I was listening to the BBC (drive time) today and they said Mardi Gras was over in New Orleans. Made me think about Easy Rider and my “writer’s block” when it comes to reviewing great movies.
In my book, Easy Rider stands out for two reasons: Jack Nickolson and Laszlo Kovacs (cinematographer). Jack did a good job which took him to A-list status. Quite a different thing happened to Laszlo.
Laszlo Kovacs had to wear a “I’m not Vilmos” t-shirt, so he doesn’t get confused with Vilmos Zsigmond. Both of them left Hungary in 1956 with footage of the Soviet invasion which they sold in Hollywood.
For a long time “Easy Rider was my least favorite film, interestingly enough, because “Easy Rider” caused me the most heartache and the most bad times and all because I was rejected because of “Easy Rider.” It was just a few years back, you know, I just fell in love with this movie. And especially one element in that movie was so important to me because all these bike riding scenes through the trees and the forest, you know, you had this dappled light and you have this rainbow reflection in the lens, and that was a pretty unique creation at that moment. Nobody had ever done it.
Lens flares were considered a mistake back then. If you have an eye for detail, that’s not the only “mistake” in the movie. In the scene where the choppers are first seen, if you pay close attention, you’ll see a ton of lights getting reflected off the chrome surfaces. That’s another “mistake” that gets the message across in a powerful way.

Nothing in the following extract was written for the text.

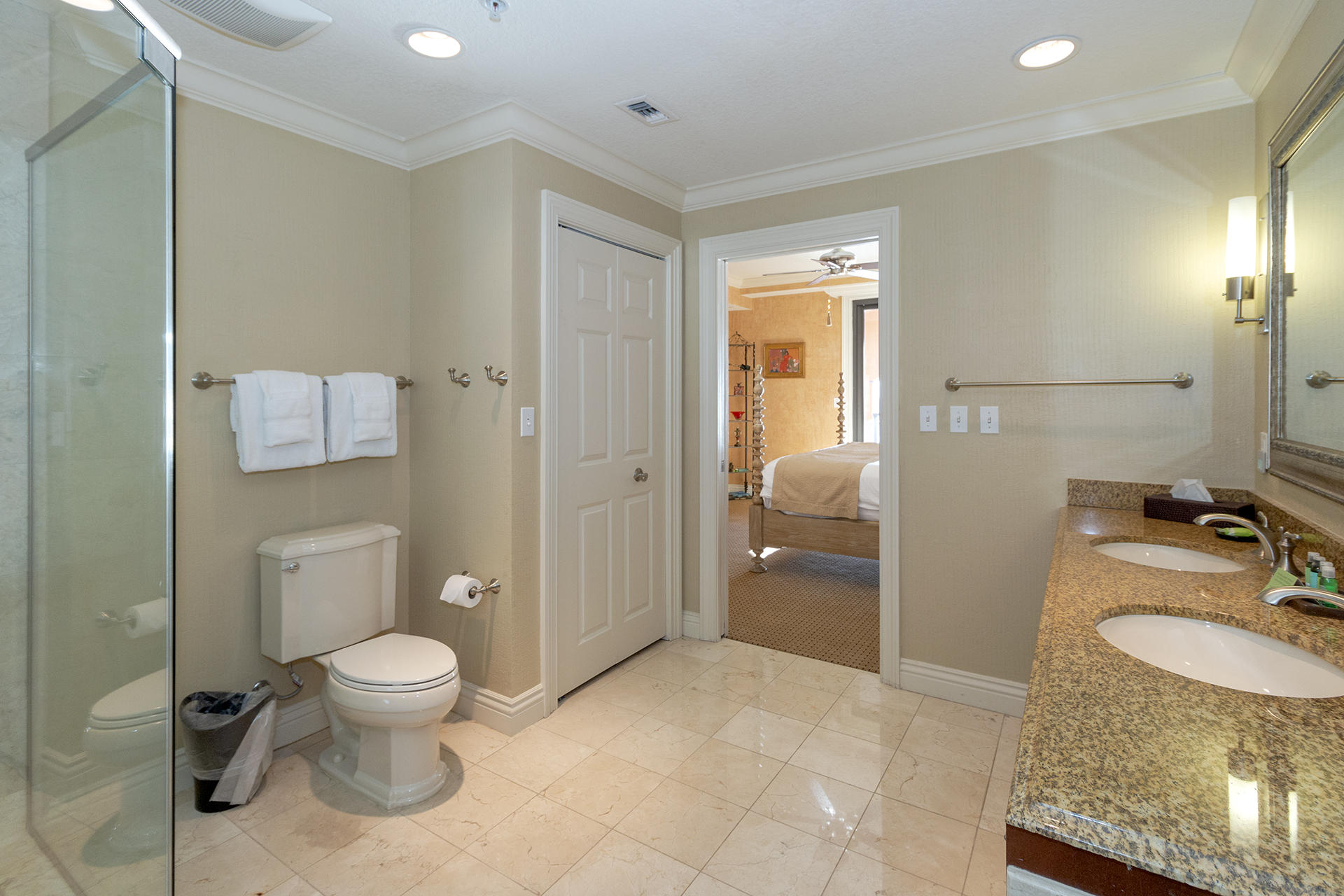 EMERALD GRANDE - Residential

His camera rig consisted of a “1968 Chevy Impala convertible… and put a half sheet of 4×4 plywood”. That’s why my dream “car” is a Toyota Hilux. It’s the low-budget filmmakers killer rig.
Laszlo recently got four Lifetime Achievement Awards. He’s a living proof of what my photography professor used to say: “underexpose or overexpose, it doesn’t matter as long as it’s consistent. You call this style.”